Records section start

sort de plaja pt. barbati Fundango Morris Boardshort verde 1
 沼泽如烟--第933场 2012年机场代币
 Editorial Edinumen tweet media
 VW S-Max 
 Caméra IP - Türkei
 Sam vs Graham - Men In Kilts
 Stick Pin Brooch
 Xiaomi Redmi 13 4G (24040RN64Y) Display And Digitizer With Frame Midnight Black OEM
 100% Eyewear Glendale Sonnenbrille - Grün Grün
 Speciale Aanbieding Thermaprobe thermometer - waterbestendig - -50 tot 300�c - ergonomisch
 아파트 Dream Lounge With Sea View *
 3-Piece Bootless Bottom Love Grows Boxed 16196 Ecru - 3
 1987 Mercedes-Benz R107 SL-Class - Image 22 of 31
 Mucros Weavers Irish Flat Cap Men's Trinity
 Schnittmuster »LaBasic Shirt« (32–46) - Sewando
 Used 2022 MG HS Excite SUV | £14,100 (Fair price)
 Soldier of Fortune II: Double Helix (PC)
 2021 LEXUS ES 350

Records section end

**What this task involves:**
Search the records above for "With". Copy each line where it is found.

**Answer box:**
 Xiaomi Redmi 13 4G (24040RN64Y) Display And Digitizer With Frame Midnight Black OEM
 아파트 Dream Lounge With Sea View *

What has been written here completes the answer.